The most appropriate method for analysis will depend on whether events have been prespecified or are emerging and the aims of the analysis. Statistical analysis strategies could be prespecified at the outset of a trial for both prespecified and emerging events as we would for efficacy outcomes and any post-hoc exploratory analysis should be clearly identified with justification [9]. There are a multitude of specialist methods for the analysis of AEs and there is no one correct approach, rather a combination of approaches should be considered. An unwavering reliance on tables of frequencies and percentages is not necessary given the alternative methods that exist, and we urge statisticians and trialists to explore the use of more specialist analysis methods for AE data from RCTs.

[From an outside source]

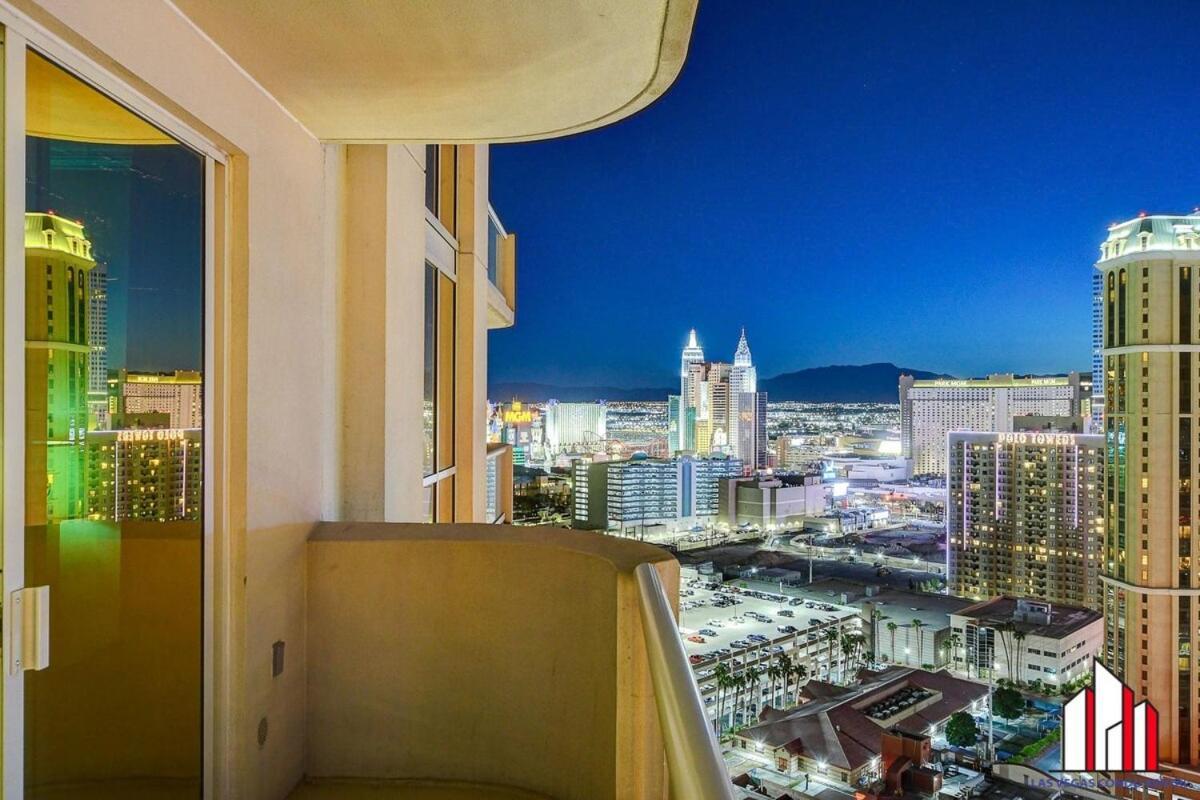 Mgm Signature-25-805 Balcony Strip Sphere F1 Views 라스베이거스 외부 사진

We have not examined the performance of the individual methods included in this review, so we cannot make quantitative comparisons and as such have avoided making recommendations of specific methods to use. We acknowledge that single reviewer screening could have resulted in missing articles and that single reviewer data extraction could result in incorrect classifications. However, both the scoping and ongoing nature of the search and ongoing discussions between the authors regarding each article would have kept any bias to an absolute minimum. How harms are defined, trial procedures such as spontaneous versus active collection of data and coding practices are all important considerations when assessing the harm profile of an intervention. With any method it is important to remain mindful of the implications of differing practices both within and between trials when making conclusions. We have focused on original methods and the original application of existing methods for the analysis of harm outcomes. We have not searched for specific refinements of these methods and as such these would not be included in the review unless identified in the original search. Many methods that could be applied to harm analysis have not been specifically proposed for such analysis and as such are not included in this review. In this review, attention was restricted to methods specifically designed or adapted for harm outcomes to gain a better understanding on what has been done to prevent duplication in future work and to flag unknown or underutilised methods. In addition, many of the methods included in this review could be used for outcomes other than harms. There are also many methods that have been proposed for harm analysis in RCTs that were not included as they did not meet our eligibility criteria. This includes methods such as those proposed by Gould and Wang or Ball, which are both designed to be used in the RCT setting but fail to utilise a control group, combining treatment arms in an effort to preserve blinding [78, 79]. Whilst these methods have merit and offer alternative, objective ways to flag potential harms they are excluded from this review as interest lies in those methods that utilise the control group to enhance inference. This review builds on existing work to provide a comprehensive overview and audit of statistical methods available to analyse harm outcomes in clinical trials [25, 27].

Conclusions

There are many challenges associated with assessing and analysing AE data in clinical trials. This review revealed that there are a broad range of suitable methods available to overcome some of these challenges but evidence of application in clinical trials analysis is limited. Coupled with the knowledge of barriers to implementation of such methods, development of strategies to support change are needed, thus ultimately improving analysis of harm outcomes in RCTs.